Der Sprecher der Behörde sagte, dass der Bundesstaat gleich eine Viertelmilliarde Dollar einnehmen wird und später dann noch mehr Milliarden kommen werden. Die Betreiber der Casinos der "Morongo and San Manuel bands of Indians" unterstützen die Behörde finanziell und diese hat im Juni ein Übereinkommen mit dem iPoker Netzwerk Sciplay abgeschlossen.

Ist das entsprechende Gesetz in Kraft, stünde dem Unternehmen nichts mehr im Weg. Was die interne Regelung der Bundesstaaten angeht, so hat Kalifornien den besten Entwurf zu bieten. Bundesweit gibt es zwei Konkurrenten.

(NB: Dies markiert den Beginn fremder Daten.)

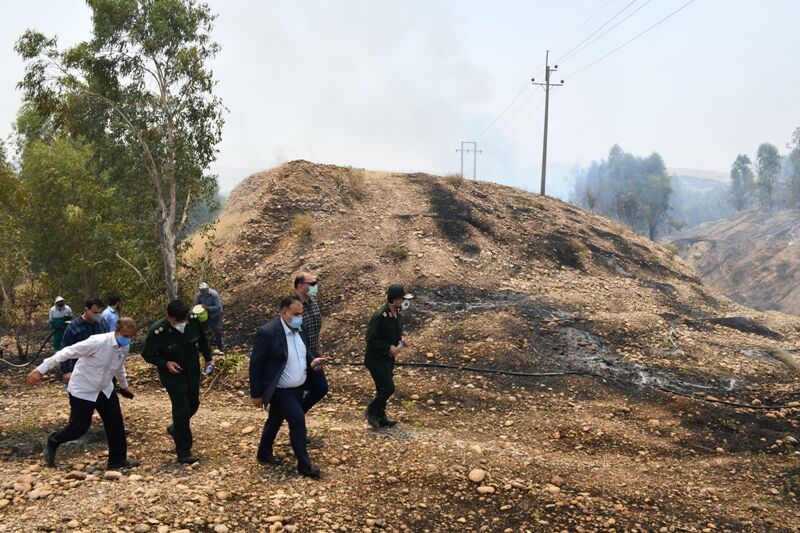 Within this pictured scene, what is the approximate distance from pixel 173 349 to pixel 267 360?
3.05ft

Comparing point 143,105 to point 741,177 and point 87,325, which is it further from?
point 741,177

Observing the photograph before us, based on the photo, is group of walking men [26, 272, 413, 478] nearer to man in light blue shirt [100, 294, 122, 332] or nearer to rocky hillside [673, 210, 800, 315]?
man in light blue shirt [100, 294, 122, 332]

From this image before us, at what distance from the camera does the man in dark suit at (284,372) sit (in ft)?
16.5

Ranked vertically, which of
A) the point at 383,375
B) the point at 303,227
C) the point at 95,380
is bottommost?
the point at 383,375

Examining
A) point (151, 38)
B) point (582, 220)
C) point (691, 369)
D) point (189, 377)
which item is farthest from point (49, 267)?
point (582, 220)

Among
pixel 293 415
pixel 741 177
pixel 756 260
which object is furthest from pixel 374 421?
pixel 741 177

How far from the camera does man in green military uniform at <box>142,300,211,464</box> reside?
511 centimetres

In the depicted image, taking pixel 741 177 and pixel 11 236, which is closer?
pixel 11 236

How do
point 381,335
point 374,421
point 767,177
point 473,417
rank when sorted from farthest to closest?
point 767,177, point 473,417, point 374,421, point 381,335

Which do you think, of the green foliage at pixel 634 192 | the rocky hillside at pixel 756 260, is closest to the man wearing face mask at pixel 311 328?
the rocky hillside at pixel 756 260

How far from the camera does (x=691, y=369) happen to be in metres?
9.77

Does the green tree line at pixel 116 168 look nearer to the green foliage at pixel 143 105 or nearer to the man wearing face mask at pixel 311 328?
the green foliage at pixel 143 105

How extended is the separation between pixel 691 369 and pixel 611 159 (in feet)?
465

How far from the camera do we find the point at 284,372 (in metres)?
5.10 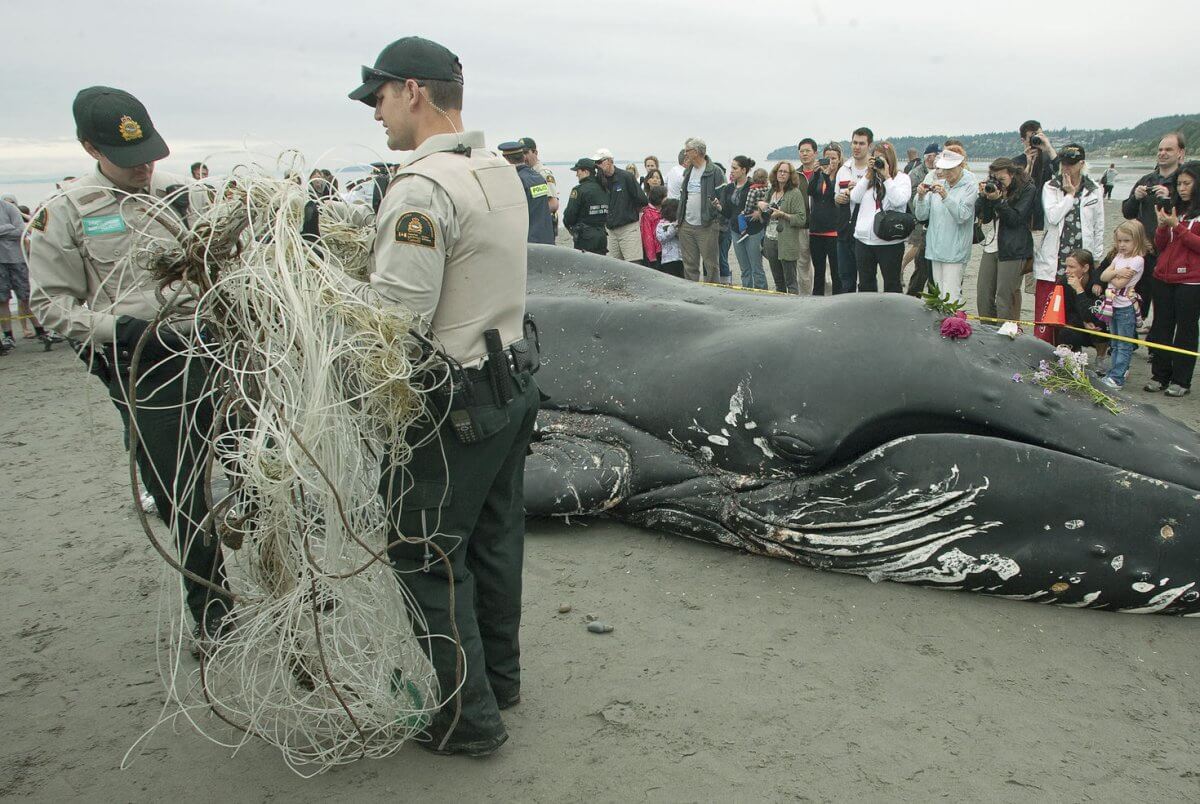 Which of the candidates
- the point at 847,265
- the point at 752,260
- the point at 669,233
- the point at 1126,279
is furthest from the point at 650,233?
the point at 1126,279

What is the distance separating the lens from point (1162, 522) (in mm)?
4625

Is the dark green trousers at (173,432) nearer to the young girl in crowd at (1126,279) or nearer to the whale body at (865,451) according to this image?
the whale body at (865,451)

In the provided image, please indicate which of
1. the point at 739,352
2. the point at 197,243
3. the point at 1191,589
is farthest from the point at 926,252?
the point at 197,243

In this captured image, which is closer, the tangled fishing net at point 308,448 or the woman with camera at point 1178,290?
the tangled fishing net at point 308,448

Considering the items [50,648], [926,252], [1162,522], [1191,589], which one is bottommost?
[50,648]

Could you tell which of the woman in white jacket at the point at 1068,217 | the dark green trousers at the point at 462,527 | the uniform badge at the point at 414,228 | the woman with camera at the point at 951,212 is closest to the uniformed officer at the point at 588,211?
the woman with camera at the point at 951,212

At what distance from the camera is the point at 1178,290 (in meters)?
9.22

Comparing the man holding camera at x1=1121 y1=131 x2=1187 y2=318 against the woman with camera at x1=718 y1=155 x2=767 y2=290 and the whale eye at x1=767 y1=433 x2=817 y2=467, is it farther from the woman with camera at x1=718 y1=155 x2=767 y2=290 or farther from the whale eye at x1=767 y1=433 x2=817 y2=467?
the whale eye at x1=767 y1=433 x2=817 y2=467

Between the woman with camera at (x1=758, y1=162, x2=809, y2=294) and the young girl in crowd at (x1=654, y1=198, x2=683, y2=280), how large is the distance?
4.44 feet

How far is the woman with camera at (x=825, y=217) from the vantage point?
1220 centimetres

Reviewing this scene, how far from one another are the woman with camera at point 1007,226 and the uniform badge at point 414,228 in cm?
883

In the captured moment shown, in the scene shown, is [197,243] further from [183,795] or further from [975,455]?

Dies ist zum einen der "Online Poker Act of 2011" von Senator Barton, der schon präsentiert wurde und bereits mehr als 20 Anhänger im Senat hat. Die American Gaming Association ist der zweite Kandidat, sie möchte den von Senator Rockefeller erarbeiteten Entwurf vorstellen und damit punkten.

Die Institution investierte 2011 rund anderthalb Millionen Dollar in Lobbyarbeit. Damit soll den Volksvertretern das Online Poker schmackhaft gemacht werden. Infolge des Schwarzen Freitag sehen die Unternehmen in der Glücksspielbranche eine zweite Chance und jeder möchte sein Stück vom Kuchen abhaben.

Man wird sehen, welche Unternehmen kooperieren, welche Käufe stattfinden und welche juristischen Vorgaben den Online Glücksspielmarkt wieder zugänglich machen.